[Data items]

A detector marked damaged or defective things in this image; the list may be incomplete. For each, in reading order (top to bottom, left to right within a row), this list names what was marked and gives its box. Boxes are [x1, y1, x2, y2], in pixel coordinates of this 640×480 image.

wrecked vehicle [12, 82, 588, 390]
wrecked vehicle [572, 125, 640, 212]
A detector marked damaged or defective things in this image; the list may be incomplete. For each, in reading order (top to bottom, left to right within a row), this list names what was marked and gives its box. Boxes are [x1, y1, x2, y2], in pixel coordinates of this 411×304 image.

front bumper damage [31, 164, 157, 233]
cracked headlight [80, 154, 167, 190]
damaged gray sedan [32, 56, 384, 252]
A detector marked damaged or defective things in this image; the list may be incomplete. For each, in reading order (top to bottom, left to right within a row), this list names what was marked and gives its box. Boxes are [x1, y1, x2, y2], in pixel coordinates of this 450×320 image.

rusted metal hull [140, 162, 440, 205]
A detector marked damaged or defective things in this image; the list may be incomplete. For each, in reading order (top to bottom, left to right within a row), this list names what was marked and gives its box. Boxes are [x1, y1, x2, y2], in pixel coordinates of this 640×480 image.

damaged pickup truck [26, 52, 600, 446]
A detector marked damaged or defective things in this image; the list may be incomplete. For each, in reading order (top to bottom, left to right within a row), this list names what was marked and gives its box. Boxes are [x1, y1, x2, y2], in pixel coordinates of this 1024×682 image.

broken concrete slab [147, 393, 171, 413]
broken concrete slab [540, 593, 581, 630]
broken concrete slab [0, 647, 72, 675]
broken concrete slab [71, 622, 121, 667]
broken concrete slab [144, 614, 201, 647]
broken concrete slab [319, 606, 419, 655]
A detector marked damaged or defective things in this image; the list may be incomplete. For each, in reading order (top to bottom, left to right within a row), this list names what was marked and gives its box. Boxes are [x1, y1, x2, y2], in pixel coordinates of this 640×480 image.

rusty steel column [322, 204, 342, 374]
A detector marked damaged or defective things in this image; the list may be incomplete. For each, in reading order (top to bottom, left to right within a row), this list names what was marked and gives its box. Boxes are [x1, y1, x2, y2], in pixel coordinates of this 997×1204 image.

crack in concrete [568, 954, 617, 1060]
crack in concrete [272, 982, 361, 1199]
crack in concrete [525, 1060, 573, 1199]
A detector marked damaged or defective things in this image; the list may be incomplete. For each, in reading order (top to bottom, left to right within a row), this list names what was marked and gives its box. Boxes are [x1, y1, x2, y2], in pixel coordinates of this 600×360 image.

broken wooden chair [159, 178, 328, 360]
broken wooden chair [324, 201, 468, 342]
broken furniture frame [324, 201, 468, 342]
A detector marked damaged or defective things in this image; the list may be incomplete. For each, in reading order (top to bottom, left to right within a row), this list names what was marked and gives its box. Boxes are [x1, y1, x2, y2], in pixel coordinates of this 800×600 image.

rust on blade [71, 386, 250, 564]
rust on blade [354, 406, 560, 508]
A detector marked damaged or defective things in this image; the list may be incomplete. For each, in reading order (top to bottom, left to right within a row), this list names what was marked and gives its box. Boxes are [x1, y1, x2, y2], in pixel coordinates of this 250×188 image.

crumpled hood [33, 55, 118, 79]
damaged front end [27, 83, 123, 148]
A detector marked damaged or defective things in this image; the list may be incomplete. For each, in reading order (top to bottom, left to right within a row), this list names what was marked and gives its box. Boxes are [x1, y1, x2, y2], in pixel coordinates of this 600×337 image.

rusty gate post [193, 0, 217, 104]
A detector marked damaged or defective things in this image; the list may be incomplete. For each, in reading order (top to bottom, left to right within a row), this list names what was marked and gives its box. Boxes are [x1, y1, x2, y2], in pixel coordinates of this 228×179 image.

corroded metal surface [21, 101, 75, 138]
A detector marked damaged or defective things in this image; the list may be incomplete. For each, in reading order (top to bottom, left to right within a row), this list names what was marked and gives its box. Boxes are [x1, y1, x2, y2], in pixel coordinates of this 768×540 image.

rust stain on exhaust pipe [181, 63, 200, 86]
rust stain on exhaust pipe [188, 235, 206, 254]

_WHAT THE EXERCISE ASKS:_ Please make your reply exactly the lines from the one containing "this 768×540 image." through the end of the entries above, and nothing more.

_ANSWER BOX:_
A detector marked damaged or defective things in this image; the list may be incomplete. For each, in reading order (top to bottom, left to right within a row), this list names what was marked and gives its box. Boxes are [x1, y1, x2, y2], in pixel coordinates of this 768×540 image.

rust stain on exhaust pipe [181, 63, 200, 86]
rust stain on exhaust pipe [188, 235, 206, 254]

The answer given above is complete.